Support for 1000Base-T1 (IEEE 802.3bp)
Highly automated and easy-to-use
Report generation with pass/fail results and fully annotated screenshot
Complete test solution including test fixture, signal generator & cables
Unique software recovery algorithm for the distortion test which greatly simplifies test setup
Supports all PMA Transmitter Tests
Master and Slave Timing Jitter
Distortion (with and without TX_TCLK access)
Power Spectral Density (PSD)
Peak Differential Output
Advanced debugging ability with "Stop on Test"
Automated Compliance Testing
QPHY-1000Base-T1 performs electrical compliance testing of the Physical Media Attachment (PMA) according to the 1000Base-T1 specification. Detailed connection diagrams ensure the proper setup and provide information about the required test pattern for each test. Upon completion of the test session, results are automatically compiled into a comprehensive report including screenshots.
Simplified Distortion Test
To properly perform the Distortion test, the DUT (Device Under Test), disturbing sine wave, and oscilloscope all need to be synchronized. In practice this proves to be a difficult task since the DUT’s TX_TCLK and the test equipment’s reference clock are at different frequencies. Teledyne LeCroy has developed a unique algorithm which performs software clock recovery on the Test Mode 4 signal, enabling the test to be completed without requiring a hardware frequency converter board.
Automotive Solutions Experts
Teledyne LeCroy is an active participant in OPEN Alliance Technical Committees so our test solutions stay up-to-date on evolving test requirements. In addition to Automotive Ethernet, Teledyne LeCroy provides solutions for CAN, CAN FD, LIN, SENT, MOST, FlexRay, and more.
Flexible Debug Environment
Using the “Stop on Test” feature, the user can pause testing after each individual test and observe the results. At that point, any of the oscilloscope’s tools can be leveraged for further debug and upon completion, testing can be seamlessly resumed with a click of a button.
Maximum Transmitter Output Droop
The output droop is calculated on both the “+1” and “-1” symbols in the Test Mode 1 waveform. The magnitude of the droop is measured with respect to an initial peak value after the zero crossing (indicated by Max and Min parameters) and the value 500 ns after the initial peak value (indicated by the cursors).
The output droop is calculated on both the “+1” and “-1” symbols in the Test Mode 6 waveform. The magnitude of the droop is measured with respect to an initial peak value 4 ns after the zero crossing (Vinit) and the value 16 ns after the initial peak value (Vdelay).

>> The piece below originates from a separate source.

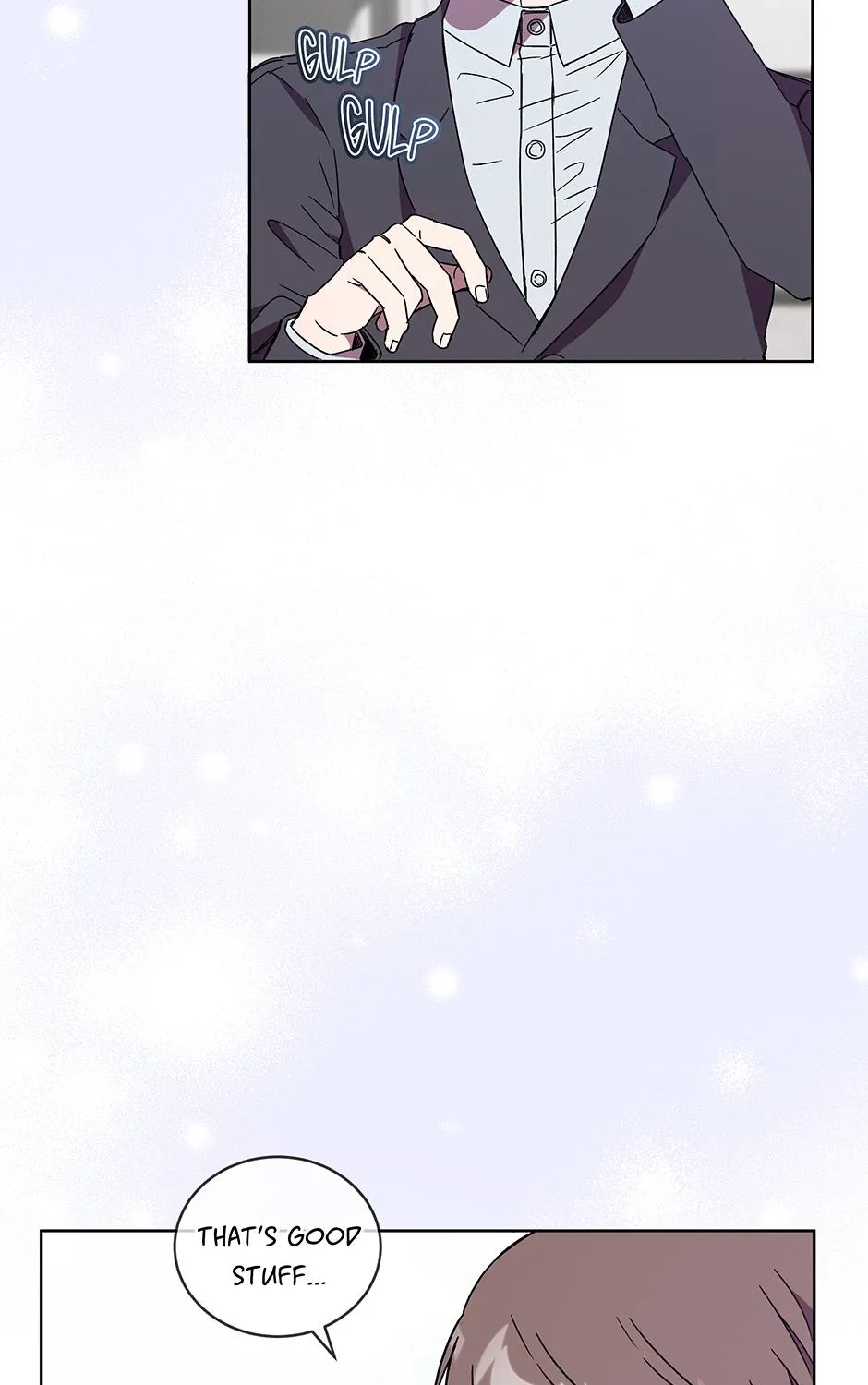The Perfect Chapter 47 page 18 -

The peak distortion is determined by capturing output from the DUT while it is in Test Mode 4. The MATLAB script provided in the specification removes the disturbing sine wave and measures peak distortion at equally spaced phases of the symbol period. To pass, the script must report less than 15 mV distortion for 10 records.
Transmitter Jitter Timing & Transmit Clock Frequency
The Transmitter Master Timing and Transmit Clock Frequency are tested while the DUT is in Test Mode 1 and 2. The Slave and Master Jitter are measured by directly probing the DUT’s TX_TCLK.
Transmitter PSD & Peak Differential Output
The Power Spectrum Density (PSD) of the transmitter is tested against the specified limits defined by the mask while the DUT is transmitting Test Mode 5. Using the oscilloscope for the PSD test removes the need to purchase a spectrum analyzer. The Test Mode 5 waveform is also used to test the Peak Differential Output.